Evil Mastermind posted:

Duh, yes, 20. Sorry.



fake edit: oh poo poo I just realized this is a universal stat modifier chart
It's neither. Look at the 0 - 60 range. Look at it

Helical Nightmares
Apr 30, 2009

Kwyndig posted:

When has "Languages Known" ever been anything but a way for a DM to dick a party over?

Trail of Cthulhu handles languages pretty well if I recall correctly.

Angrymog
Jan 30, 2012

Really Madcats

Kwyndig posted:

When has "Languages Known" ever been anything but a way for a DM to dick a party over?

I once played a werewolf game where because all our characters came from different parts of the world the only language we all had in common was Garou.

Zurui
Apr 20, 2005
Even now...



Languages are useless outside of the edge case in D&D because nearly everyone speaks English Common. It would be more interesting if there wasn't a "common tongue" but that would require rules for fluency and related languages and nobody wants to wade into that poo poo.

fool of sound
Oct 10, 2012
The only languages I typically bother with are esoteric ones, like Elemental, Draconic, Celestial, etc. Who cares about keeping track of everyday languages?

Covok
May 27, 2013

Yet where is that woman now? Tell me, in what heave does she reside? None of them. Because no God bothered to listen or care. If that is what you think it means to be a God, then you and all your teachings are welcome to do as that poor women did. And vanish from these realms forever.
The dumbest I've ever seen it is in Eclipse phase. The game where you have a skill for every language and a thing in your head that can translate every language to one you can speak anyways. Like they made a mechanic that is completely invalidated at character creation by another mechanic.

Helical Nightmares
Apr 30, 2009

Covok posted:

The dumbest I've ever seen it is in Eclipse phase. The game where you have a skill for every language and a thing in your head that can translate every language to one you can speak anyways. Like they made a mechanic that is completely invalidated at character creation by another mechanic.
:agreed:

Muses can either translate all languages at 30% or you buy skillsoft for individual languages, can't remember which.

Plutonis
Mar 25, 2011

I learned Quenya, Al Bhed and Klingon for several games I GMed and hell if I'm wasting that knowledge instead of using it.

Arivia
Mar 17, 2011

Kwyndig posted:

When has "Languages Known" ever been anything but a way for a DM to dick a party over?

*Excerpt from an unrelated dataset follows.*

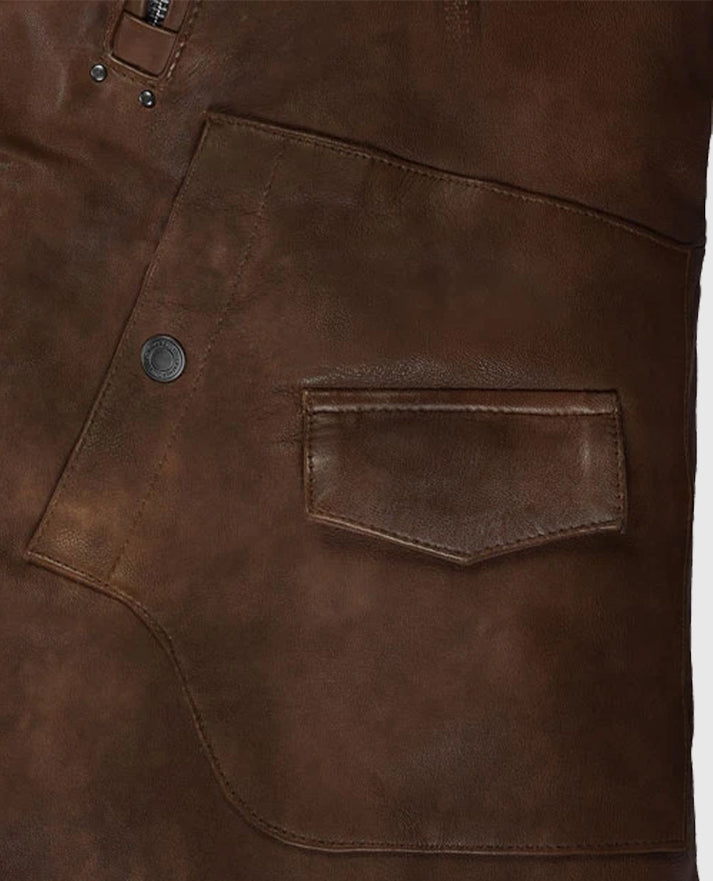 Men's Rider Falcon Spanish Brown Leather Jacket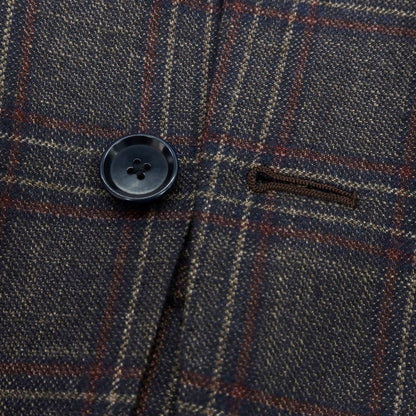 【中古】トゥモローランド TOMORROWLAND シルクカシミヤ チェック テーラードジャケット ネイビー×ベージュxマルーン【 52 】【 状態ランクB 】【 メンズ 】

It adds a lot of depth and flavor to a campaign if used well. Sure, everyone speaks Common, but that's generally a trade language. Not what's used in royal court, or commonly in backwater towns. And then add monster and ancient languages and there's plenty of good stuff in there.

Banana Man
Oct 2, 2015

mm time 2 gargle piss and shit
Pretty sure it was handled ok in kalamar? I think? I can't remember

P.d0t
Dec 27, 2007
I released my finger from the trigger, and then it was over...

Kwyndig posted:

When has "Languages Known" ever been anything but a way for a DM to dick a party over?

If you use it to spotlight a particular party member, i.e. the PCs run into a person who only speaks [language that 1 person in the group knows].

Like, if you're running a canned adventure that says you need to succeed at a WIS checkspeak a particular language in order for the game to progress, then you're setting up the potential for failure at the char-gen phase, which is asinine.

Xiahou Dun
Jul 16, 2009

We shall dive down through black abysses... and in that lair of the Deep Ones we shall dwell amidst wonder and glory forever.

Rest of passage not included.